Nel 1985 Allen ricevette dalla Margaret Jenkins Dance Company di San Francisco l’incarico di comporre una colonna sonora per un balletto (!), e la risposta fu Pedal Steal, una suite della durata di poco più di mezz’ora idealmente basata sulla figura di Wayne Gailey, suonatore di steel guitar semisconosciuto ma molto considerato da Allen. Pedal Steal venne messo in commercio all’epoca insieme a Rollback, un album di canzoni più canoniche, e riedito in CD solo nel 2006 (senza Rollback).

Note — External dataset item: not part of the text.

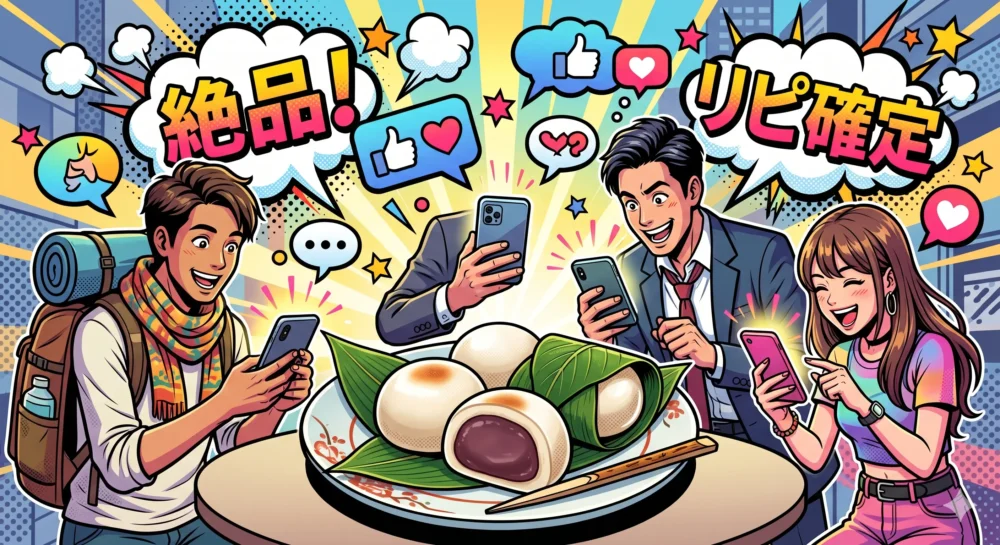 SNSやヤフーニュースのコメント欄で「絶品」と話題の名古屋土産、餡麩三喜羅へのリアルな反応をイメージしたイラスト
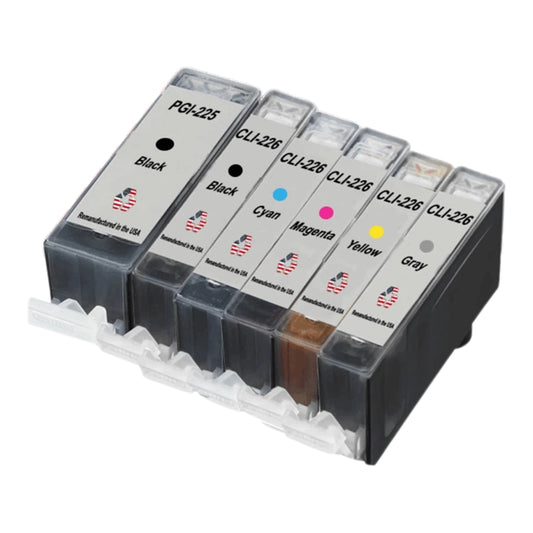 JIT Brand for Canon 1 PGI-225 Black / CLI-226 1 Black, 1 Gray, 3 Colors Remanufactured in the USA Ink Cartridges 6-Pack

Oggi la Paradise Of Bachelors ristampa una versione rimasterizzata (devo dire in maniera eccelsa) di Pedal Steal, e lo fa in grande stile, in una confezione identica a quella di un doppio LP “gatefold” con il CD dell’opera, il vinile contenente lo stesso album, e soprattutto altri due CD che contengono altri quattro lavori di Allen, quattro drammi radiofonici andati in onda tra il 1986 ed il 1993 ma mai pubblicati prima né in vinile né in CD, ed anch’essi della durata di 30 minuti circa ciascuno, con l’aggiunta finale di un bel booklet formato maxi con tutti i testi e foto rare di dipinti e sculture che rivelano l’arte visionaria di Allen.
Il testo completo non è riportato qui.